The method for the preparation of pNMSH and p-nitrophenol standard curve was described in Appendix A.4 and Appendix A.1, respectively. The method of preparation of tomato quince and derivatization of methyl ester was described in Appendix A.5 and Appendix A.6, respectively.
Cloning and expression of cutinase encoding genes from T. fusca
- Choice of host and vector
- Primer design
- Isolation of genomic DNA
- Isolation of plasmid DNA
- PCR amplification
- Restriction digestions
- Ligation reaction
- Preparation of competent cells of E. coli DH5α and E. coli
- Transformation in to E. coli DH5α and E. coli BL21 (DE3) 86
- Expression of cutinase encoding genes in E. coli BL21
Based on the literature, the average amount of solvents commonly used in the reaction medium (up to 40%) was chosen to study the stability of the enzyme. To study the effect of urea on the unfolding of the enzymes, the urea solution was prepared at an amount of 0–8 M in 50 mM KPO4 buffer (pH 8) and enzyme was added to it. Appendix A.9 details the official URL of the various web servers used in the structural analysis.
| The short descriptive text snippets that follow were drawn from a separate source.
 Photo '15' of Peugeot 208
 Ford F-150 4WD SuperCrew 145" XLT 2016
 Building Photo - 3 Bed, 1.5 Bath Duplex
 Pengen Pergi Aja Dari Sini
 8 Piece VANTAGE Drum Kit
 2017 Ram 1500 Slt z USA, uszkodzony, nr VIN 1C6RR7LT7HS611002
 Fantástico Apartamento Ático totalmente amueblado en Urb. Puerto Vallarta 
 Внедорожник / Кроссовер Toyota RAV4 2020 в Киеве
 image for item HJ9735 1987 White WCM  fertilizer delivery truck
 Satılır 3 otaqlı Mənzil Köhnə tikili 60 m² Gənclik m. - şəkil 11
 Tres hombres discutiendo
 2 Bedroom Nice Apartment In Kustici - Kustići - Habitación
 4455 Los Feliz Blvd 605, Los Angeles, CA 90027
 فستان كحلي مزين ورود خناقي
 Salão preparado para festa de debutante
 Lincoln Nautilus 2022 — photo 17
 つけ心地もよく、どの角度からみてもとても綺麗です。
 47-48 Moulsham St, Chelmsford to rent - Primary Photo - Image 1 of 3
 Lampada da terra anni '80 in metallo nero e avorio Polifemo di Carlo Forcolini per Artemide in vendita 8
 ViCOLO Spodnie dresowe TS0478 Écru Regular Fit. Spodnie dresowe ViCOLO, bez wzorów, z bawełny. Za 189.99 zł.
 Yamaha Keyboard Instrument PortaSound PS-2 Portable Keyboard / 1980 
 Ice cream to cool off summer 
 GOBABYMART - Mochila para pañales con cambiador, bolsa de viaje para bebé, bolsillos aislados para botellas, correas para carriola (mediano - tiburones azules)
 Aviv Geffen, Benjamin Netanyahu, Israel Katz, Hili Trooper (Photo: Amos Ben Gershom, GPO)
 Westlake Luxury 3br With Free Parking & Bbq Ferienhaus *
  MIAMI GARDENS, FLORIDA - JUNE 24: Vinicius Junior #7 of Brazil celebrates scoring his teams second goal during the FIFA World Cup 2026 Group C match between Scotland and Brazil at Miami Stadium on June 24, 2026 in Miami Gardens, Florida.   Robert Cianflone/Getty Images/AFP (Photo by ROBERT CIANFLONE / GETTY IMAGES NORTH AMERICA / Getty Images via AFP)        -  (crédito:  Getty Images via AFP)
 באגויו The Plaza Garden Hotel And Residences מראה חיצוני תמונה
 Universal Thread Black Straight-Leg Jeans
The buffer was removed and the residual activity of the sample was measured using pNPB assay. The relative activity was expressed as the percentage ratio of the activity of the enzyme without freeze-drying. Relative activity was expressed as the percentage ratio of the enzyme's activity to the first recycling cycle.
4.14 2-D electrophoresis gel showing the pI of purified Cut1 (A) and Cut2 (B). 4.8.2 Effect of pH and temperature on the activity and stability of cutinases.